Task prompt => Write out only the lines from the line containing "Gucci Bamboo Black" to the end of the listing below, both included, exactly as they stand. Drop the pictures.

Data shown =>
= = =

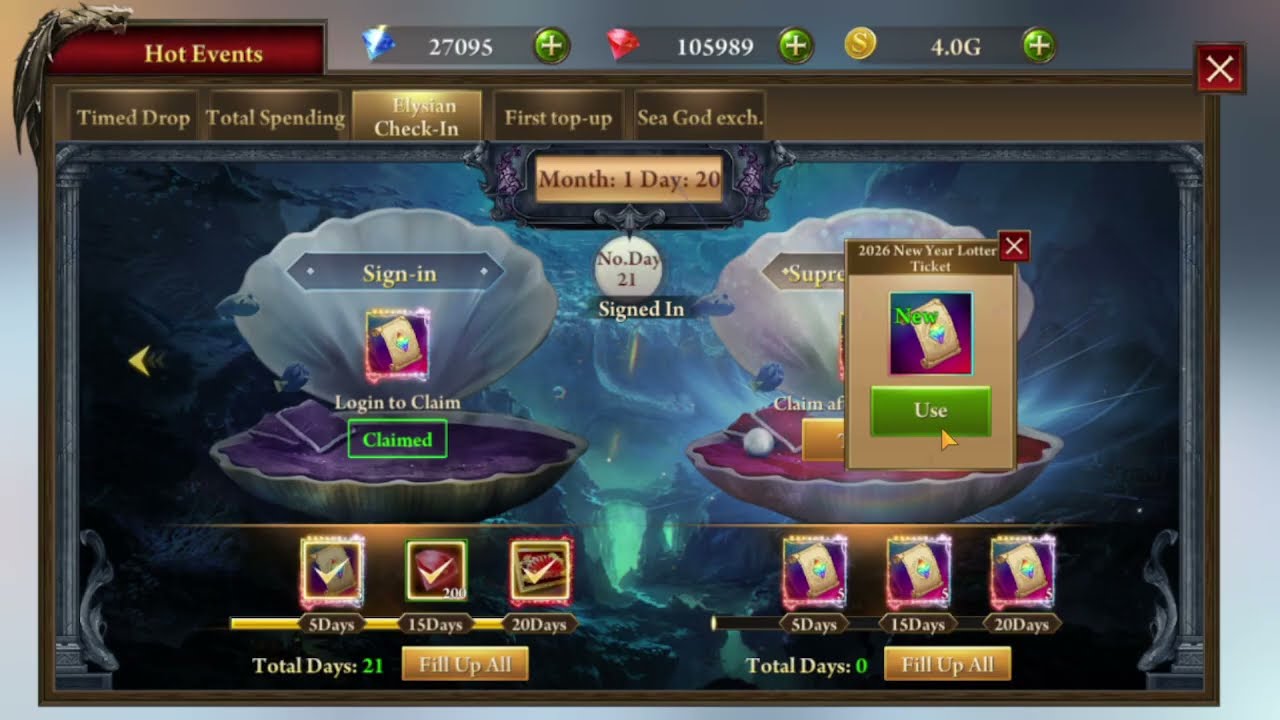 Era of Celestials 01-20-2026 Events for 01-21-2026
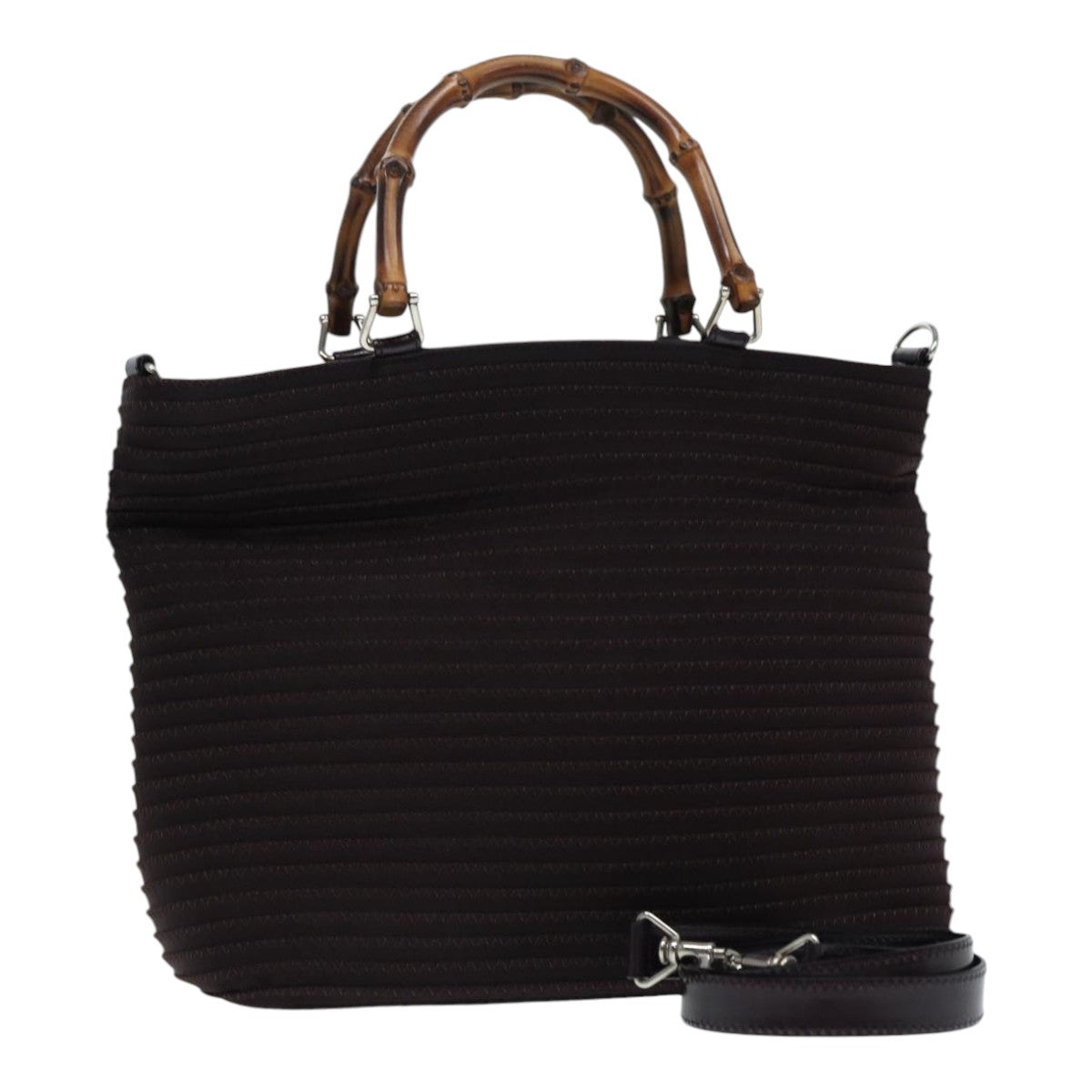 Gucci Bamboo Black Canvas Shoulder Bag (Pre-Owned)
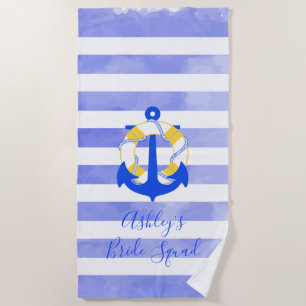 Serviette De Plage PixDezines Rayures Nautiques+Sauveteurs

= = =

Reply =>
 Gucci Bamboo Black Canvas Shoulder Bag (Pre-Owned)
 Serviette De Plage PixDezines Rayures Nautiques+Sauveteurs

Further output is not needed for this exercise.